Sais-tu pourquoi je suis contre la peine de mort chère MJ, c’est que l’humain est grandement imparfait, plein de failles et de vieilles blessures, et ça c’est vrai du criminel et de celui qui le juge. Si l’humain avait la capacité de juger -vraiment-, de savoir reconnaitre le tueur en série fou et dangereux, de la personne qui a fait une erreur et ne re-pèchera pas, je serai pour la peine de mort, dans certains rares cas, (comme pour le fou qui a dépecé des prostituées à Vancouver et les a passés dans un hachoir à viande), mais jamais au grand jamais je n’accepterai qu’on laisse entre les mains des humains ce pouvoir, parce que n’importe quel humain avec juste un ti-peu trop de pouvoir peut devenir fou, et le pouvoir de vie et de mort, c’est trop pour la plupart des humains.

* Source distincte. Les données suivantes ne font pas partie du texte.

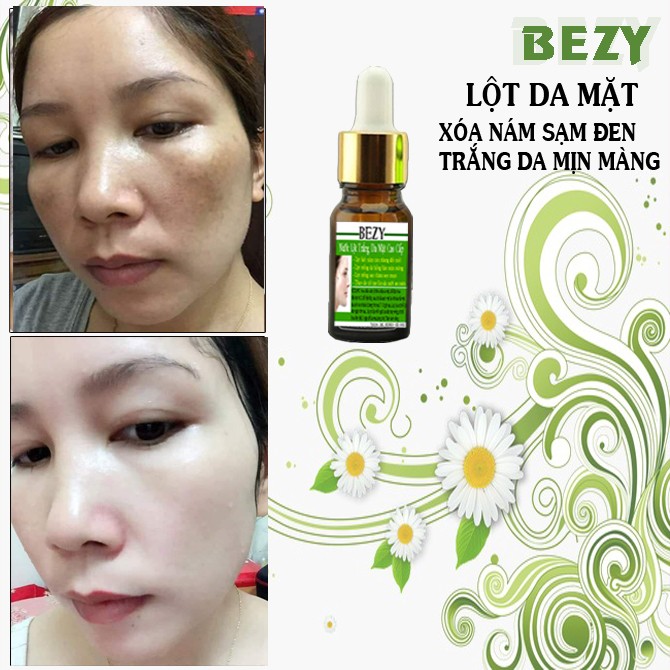 BEZY Lột Thay Trắng Da Mờ Thâm Nám Thái Lan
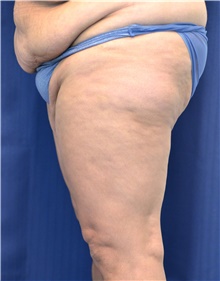 Thigh Lift Before Photo by Michael Frederick, MD; Fort Lauderdale, FL - Case 40016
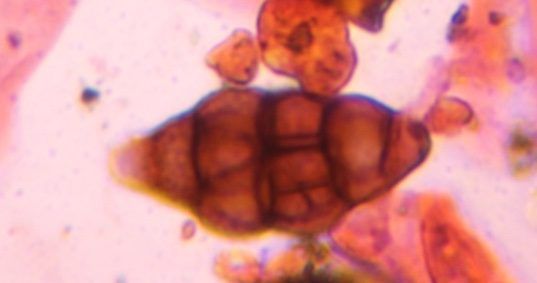 Another microscope image of Pleospora, verified by PollyMap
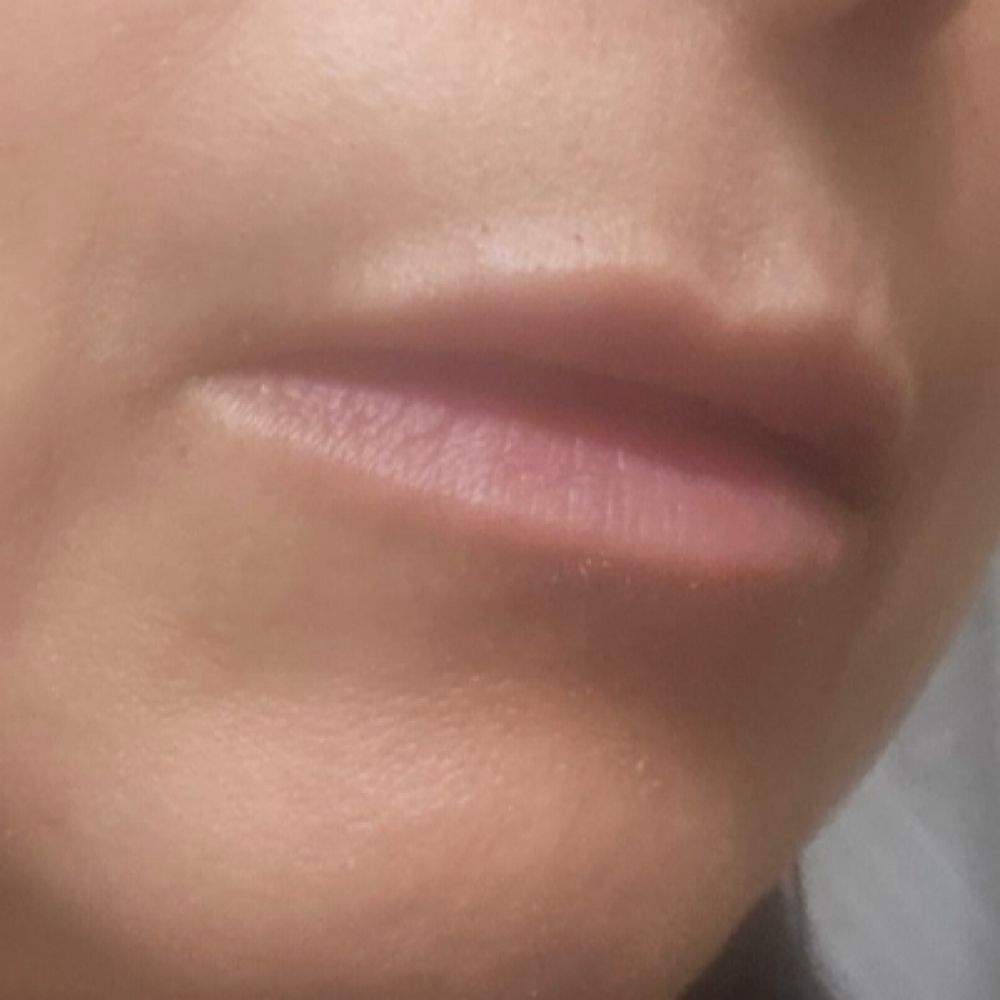 Lip Filler 1ML Elasty at Pure Bliss Studios in Fort worth, TX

En espérant, oui que notre société demeure tolérante, pour ta MM, ma Grande et mon Fiston et qu’ils soient protégés des fous qui se promènent dans la rue ou qui pourraient décider du sort de la société dans laquelle ils vivront.
Juste une petite note pour dire que j’aime beaucoup te lire. Je viens d’acheter une maison au Québec et j’irai vivre dans la belle province pour la première fois cet automne. (Qui prend mari, prend pays…?)
J’aime lire tes réflexions sur le Québec et ses habitants. Elles m’aide à connaître cette nouvelle culture dans laquelle je baigne, certes, depuis quelques années, mais que j’adopterai pour la mienne bientôt.
Merci Kim. J’espère que mes observations ne te feront pas peur! On est un peuple chaleureux, plein de contradictions, mais avec un bon fond, comme on dit ici 🙂
Et bienvenue sur mon patio. Tu verras, à l’été, on y est très bien avec un petit rosé.